───── RECORDS PROVIDED ─────

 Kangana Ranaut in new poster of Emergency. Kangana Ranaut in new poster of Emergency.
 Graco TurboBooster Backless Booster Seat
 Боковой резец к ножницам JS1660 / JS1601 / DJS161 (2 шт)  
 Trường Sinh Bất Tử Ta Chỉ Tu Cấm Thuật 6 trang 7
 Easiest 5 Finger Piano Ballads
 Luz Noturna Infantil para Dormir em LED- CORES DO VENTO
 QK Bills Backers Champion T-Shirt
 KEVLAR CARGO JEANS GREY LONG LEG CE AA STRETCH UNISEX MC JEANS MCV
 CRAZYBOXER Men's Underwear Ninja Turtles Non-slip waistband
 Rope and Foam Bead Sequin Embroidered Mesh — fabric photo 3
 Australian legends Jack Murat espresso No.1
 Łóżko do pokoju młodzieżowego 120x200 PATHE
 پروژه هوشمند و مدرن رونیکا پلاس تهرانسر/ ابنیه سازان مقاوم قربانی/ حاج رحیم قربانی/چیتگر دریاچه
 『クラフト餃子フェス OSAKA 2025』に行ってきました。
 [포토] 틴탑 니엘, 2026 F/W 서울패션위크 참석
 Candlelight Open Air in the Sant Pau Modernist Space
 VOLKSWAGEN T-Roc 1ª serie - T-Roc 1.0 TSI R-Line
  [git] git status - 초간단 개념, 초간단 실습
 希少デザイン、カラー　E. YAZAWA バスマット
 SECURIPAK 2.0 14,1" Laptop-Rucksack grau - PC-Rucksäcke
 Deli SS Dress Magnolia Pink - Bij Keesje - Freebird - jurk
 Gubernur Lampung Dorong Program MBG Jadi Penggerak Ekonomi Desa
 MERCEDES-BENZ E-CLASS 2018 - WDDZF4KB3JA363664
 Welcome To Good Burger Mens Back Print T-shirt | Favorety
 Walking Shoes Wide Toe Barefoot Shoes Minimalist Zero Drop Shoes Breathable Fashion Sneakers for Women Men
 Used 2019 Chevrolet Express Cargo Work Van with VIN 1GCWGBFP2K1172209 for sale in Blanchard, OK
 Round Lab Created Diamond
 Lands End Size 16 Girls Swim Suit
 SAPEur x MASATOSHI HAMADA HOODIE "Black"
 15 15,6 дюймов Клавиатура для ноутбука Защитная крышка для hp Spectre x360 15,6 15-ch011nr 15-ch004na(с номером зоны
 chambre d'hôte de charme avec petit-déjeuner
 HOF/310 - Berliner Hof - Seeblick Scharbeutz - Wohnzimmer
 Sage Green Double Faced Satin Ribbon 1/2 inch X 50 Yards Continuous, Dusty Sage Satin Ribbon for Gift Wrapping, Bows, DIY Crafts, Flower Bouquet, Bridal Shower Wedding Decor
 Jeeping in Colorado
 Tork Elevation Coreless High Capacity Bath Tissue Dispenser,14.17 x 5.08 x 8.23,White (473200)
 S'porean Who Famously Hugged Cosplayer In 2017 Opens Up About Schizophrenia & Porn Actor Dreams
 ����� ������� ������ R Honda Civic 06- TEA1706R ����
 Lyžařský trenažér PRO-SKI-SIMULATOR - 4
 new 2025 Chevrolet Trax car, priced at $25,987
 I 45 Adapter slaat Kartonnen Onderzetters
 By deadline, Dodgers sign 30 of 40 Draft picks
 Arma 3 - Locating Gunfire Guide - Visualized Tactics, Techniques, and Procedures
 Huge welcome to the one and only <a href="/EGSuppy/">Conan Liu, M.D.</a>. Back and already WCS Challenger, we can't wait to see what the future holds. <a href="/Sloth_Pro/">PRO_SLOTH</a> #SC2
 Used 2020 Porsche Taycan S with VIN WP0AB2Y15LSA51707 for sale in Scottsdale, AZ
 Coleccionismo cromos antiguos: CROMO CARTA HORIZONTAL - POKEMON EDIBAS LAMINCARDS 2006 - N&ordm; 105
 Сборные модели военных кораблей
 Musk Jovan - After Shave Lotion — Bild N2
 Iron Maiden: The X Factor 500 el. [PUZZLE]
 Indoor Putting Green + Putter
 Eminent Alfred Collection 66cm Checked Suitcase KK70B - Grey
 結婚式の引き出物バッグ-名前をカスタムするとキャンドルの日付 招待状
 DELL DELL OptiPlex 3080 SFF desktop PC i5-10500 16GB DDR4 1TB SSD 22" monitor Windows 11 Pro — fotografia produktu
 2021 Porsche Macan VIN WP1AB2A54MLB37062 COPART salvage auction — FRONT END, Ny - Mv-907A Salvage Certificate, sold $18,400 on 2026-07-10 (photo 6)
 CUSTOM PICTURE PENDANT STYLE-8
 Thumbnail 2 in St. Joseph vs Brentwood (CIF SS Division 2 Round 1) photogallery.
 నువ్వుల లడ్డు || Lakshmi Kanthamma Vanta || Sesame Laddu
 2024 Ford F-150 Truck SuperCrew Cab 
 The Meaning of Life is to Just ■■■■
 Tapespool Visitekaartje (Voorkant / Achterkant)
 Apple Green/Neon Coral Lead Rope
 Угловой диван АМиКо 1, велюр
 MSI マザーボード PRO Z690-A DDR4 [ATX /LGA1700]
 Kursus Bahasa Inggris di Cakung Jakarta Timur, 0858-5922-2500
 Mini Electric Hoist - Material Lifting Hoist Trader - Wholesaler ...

─────

This exercise calls for repeating every line of the data exactly.

 Kangana Ranaut in new poster of Emergency. Kangana Ranaut in new poster of Emergency.
 Graco TurboBooster Backless Booster Seat
 Боковой резец к ножницам JS1660 / JS1601 / DJS161 (2 шт)  
 Trường Sinh Bất Tử Ta Chỉ Tu Cấm Thuật 6 trang 7
 Easiest 5 Finger Piano Ballads
 Luz Noturna Infantil para Dormir em LED- CORES DO VENTO
 QK Bills Backers Champion T-Shirt
 KEVLAR CARGO JEANS GREY LONG LEG CE AA STRETCH UNISEX MC JEANS MCV
 CRAZYBOXER Men's Underwear Ninja Turtles Non-slip waistband
 Rope and Foam Bead Sequin Embroidered Mesh — fabric photo 3
 Australian legends Jack Murat espresso No.1
 Łóżko do pokoju młodzieżowego 120x200 PATHE
 پروژه هوشمند و مدرن رونیکا پلاس تهرانسر/ ابنیه سازان مقاوم قربانی/ حاج رحیم قربانی/چیتگر دریاچه
 『クラフト餃子フェス OSAKA 2025』に行ってきました。
 [포토] 틴탑 니엘, 2026 F/W 서울패션위크 참석
 Candlelight Open Air in the Sant Pau Modernist Space
 VOLKSWAGEN T-Roc 1ª serie - T-Roc 1.0 TSI R-Line
  [git] git status - 초간단 개념, 초간단 실습
 希少デザイン、カラー　E. YAZAWA バスマット
 SECURIPAK 2.0 14,1" Laptop-Rucksack grau - PC-Rucksäcke
 Deli SS Dress Magnolia Pink - Bij Keesje - Freebird - jurk
 Gubernur Lampung Dorong Program MBG Jadi Penggerak Ekonomi Desa
 MERCEDES-BENZ E-CLASS 2018 - WDDZF4KB3JA363664
 Welcome To Good Burger Mens Back Print T-shirt | Favorety
 Walking Shoes Wide Toe Barefoot Shoes Minimalist Zero Drop Shoes Breathable Fashion Sneakers for Women Men
 Used 2019 Chevrolet Express Cargo Work Van with VIN 1GCWGBFP2K1172209 for sale in Blanchard, OK
 Round Lab Created Diamond
 Lands End Size 16 Girls Swim Suit
 SAPEur x MASATOSHI HAMADA HOODIE "Black"
 15 15,6 дюймов Клавиатура для ноутбука Защитная крышка для hp Spectre x360 15,6 15-ch011nr 15-ch004na(с номером зоны
 chambre d'hôte de charme avec petit-déjeuner
 HOF/310 - Berliner Hof - Seeblick Scharbeutz - Wohnzimmer
 Sage Green Double Faced Satin Ribbon 1/2 inch X 50 Yards Continuous, Dusty Sage Satin Ribbon for Gift Wrapping, Bows, DIY Crafts, Flower Bouquet, Bridal Shower Wedding Decor
 Jeeping in Colorado
 Tork Elevation Coreless High Capacity Bath Tissue Dispenser,14.17 x 5.08 x 8.23,White (473200)
 S'porean Who Famously Hugged Cosplayer In 2017 Opens Up About Schizophrenia & Porn Actor Dreams
 ����� ������� ������ R Honda Civic 06- TEA1706R ����
 Lyžařský trenažér PRO-SKI-SIMULATOR - 4
 new 2025 Chevrolet Trax car, priced at $25,987
 I 45 Adapter slaat Kartonnen Onderzetters
 By deadline, Dodgers sign 30 of 40 Draft picks
 Arma 3 - Locating Gunfire Guide - Visualized Tactics, Techniques, and Procedures
 Huge welcome to the one and only <a href="/EGSuppy/">Conan Liu, M.D.</a>. Back and already WCS Challenger, we can't wait to see what the future holds. <a href="/Sloth_Pro/">PRO_SLOTH</a> #SC2
 Used 2020 Porsche Taycan S with VIN WP0AB2Y15LSA51707 for sale in Scottsdale, AZ
 Coleccionismo cromos antiguos: CROMO CARTA HORIZONTAL - POKEMON EDIBAS LAMINCARDS 2006 - N&ordm; 105
 Сборные модели военных кораблей
 Musk Jovan - After Shave Lotion — Bild N2
 Iron Maiden: The X Factor 500 el. [PUZZLE]
 Indoor Putting Green + Putter
 Eminent Alfred Collection 66cm Checked Suitcase KK70B - Grey
 結婚式の引き出物バッグ-名前をカスタムするとキャンドルの日付 招待状
 DELL DELL OptiPlex 3080 SFF desktop PC i5-10500 16GB DDR4 1TB SSD 22" monitor Windows 11 Pro — fotografia produktu
 2021 Porsche Macan VIN WP1AB2A54MLB37062 COPART salvage auction — FRONT END, Ny - Mv-907A Salvage Certificate, sold $18,400 on 2026-07-10 (photo 6)
 CUSTOM PICTURE PENDANT STYLE-8
 Thumbnail 2 in St. Joseph vs Brentwood (CIF SS Division 2 Round 1) photogallery.
 నువ్వుల లడ్డు || Lakshmi Kanthamma Vanta || Sesame Laddu
 2024 Ford F-150 Truck SuperCrew Cab 
 The Meaning of Life is to Just ■■■■
 Tapespool Visitekaartje (Voorkant / Achterkant)
 Apple Green/Neon Coral Lead Rope
 Угловой диван АМиКо 1, велюр
 MSI マザーボード PRO Z690-A DDR4 [ATX /LGA1700]
 Kursus Bahasa Inggris di Cakung Jakarta Timur, 0858-5922-2500
 Mini Electric Hoist - Material Lifting Hoist Trader - Wholesaler ...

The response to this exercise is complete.